Spices are an amazing addition to any meal that can arguably make or break the dish. People sometimes avoid spices for fear that they will overpower a dish, or their palates simply cannot handle the intense flavor that they can bring.
Some families will choose to forgo spices in regular cooking due to digestive issues that may result from a dish that is too “spicy”, and that is totally acceptable. If you avoid spices for that reason then it is understandable, but if you’re avoiding them simply out of habit then I urge you to reconsider, and begin exploring with the wonderful flavor additions that spices can bring to the table.
I’m not going to outline every spice here in this post, because there are many out there that I don’t use but I would like to point out a few of my favorite staples that I recommend every amateur cook should have in their kitchen.

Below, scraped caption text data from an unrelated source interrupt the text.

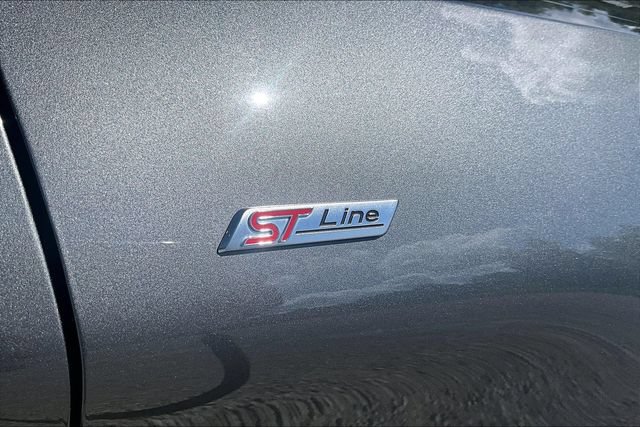 Used 2025 Ford Explorer ST-Line w/ ST-Line Street Pack AWD/4WD image 12
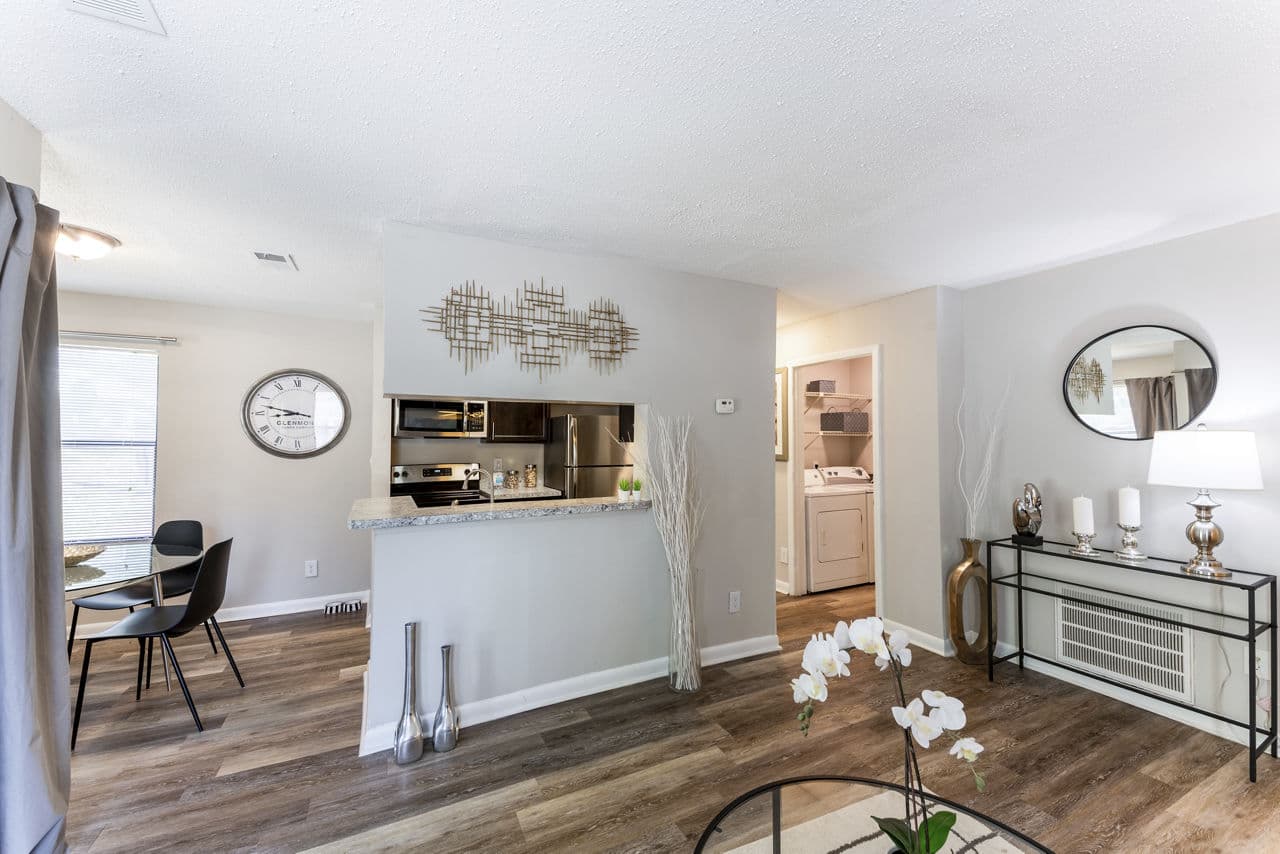 Sunstone Apartments 19 of 26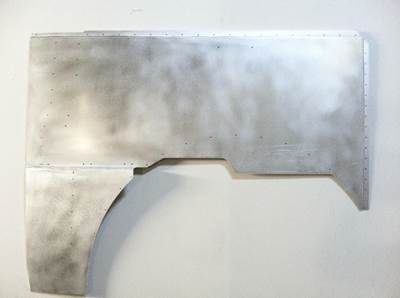 Peterbilt 379EXHD Right Hood Hinge for a Peterbilt 379 EXHD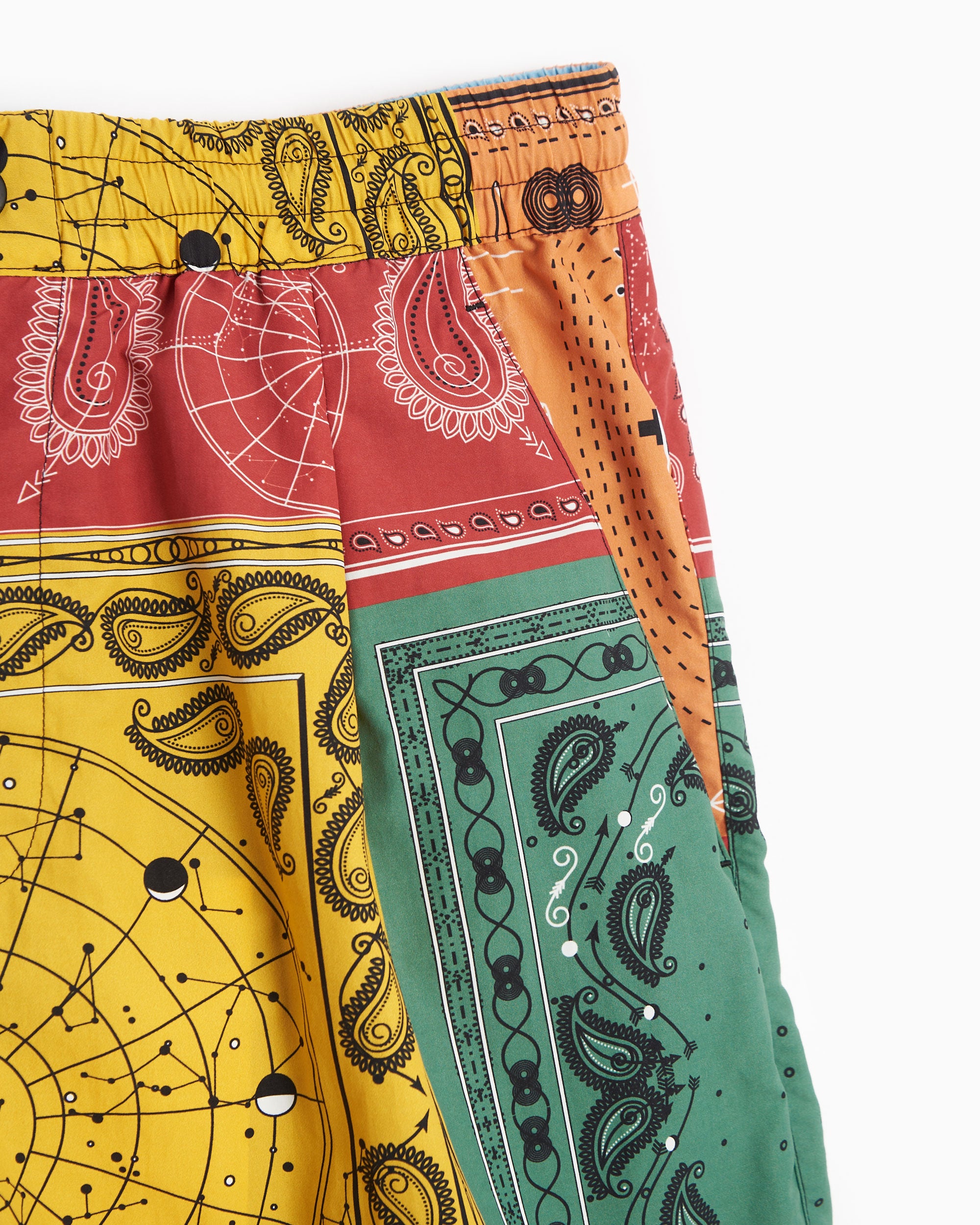 Shorts Marcelo Burlon County of Milan All Over Bandana Men's Nylon Shorts Men's Shorts - CMCB074S22FAB0012518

Salt & Pepper: There is a reason these two spices are a must-have in every American home. There is a large difference between the containers on your kitchen table, which are seasonings, and then the more robust stuff that we use in cooking and consider as spices. I recommend obtaining some Sea Salt and Fresh Ground Pepper for cooking purposes. Most modern spice containers with these in them will have a grinder on top for easy application while cooking. Use these generously in the preparation process as well as throughout cooking, because there is nothing worse than an under-seasoned dish!
Garlic Powder: Don’t get this confused with garlic salt as the two are considerably different. Fresh garlic cloves are a great addition when you need that garlic flavor, but we don’t always have access to fresh garlic cloves so the powder is an excellent substitute. I advise using Garlic Powder sparingly at first, and then more after tasting if needed. Garlic can be an overpowering flavor and even lead to heartburn if used too much, but it is a great spice for most dishes, especially pasta!
Onion Powder: This spice is similar to Garlic Powder but with the obvious addition of onion flavoring. I often prefer to caramelize onions when adding that onion flavor to a dish, but the powder can be used in a pinch.
Cayenne Pepper: This is quite possibly one of my favorite spices, but it absolutely has to be used with caution. Cayenne Pepper adds a good deal of heat to any dish, and using too much will almost certainly overpower the dish. When used in the right amount, this spice can really bolster the flavor of anything that you are cooking. I will sometimes add a few dashes into my Alredo sauce and it gives it a comfortable heat balanced by the cream in the sauce.
You will need to start tasting your dishes if you don’t do so already, and this will give you a good idea of what spices to add. When I am seasoning meat to be seared in Cast-Iron, I will often mix all of the spices above to create a unique rub that I have dubbed: Zach’s Blend. There are many other great spices out there so be adventurous and bold, try ones that you haven’t used before and I’m sure you won’t regret it!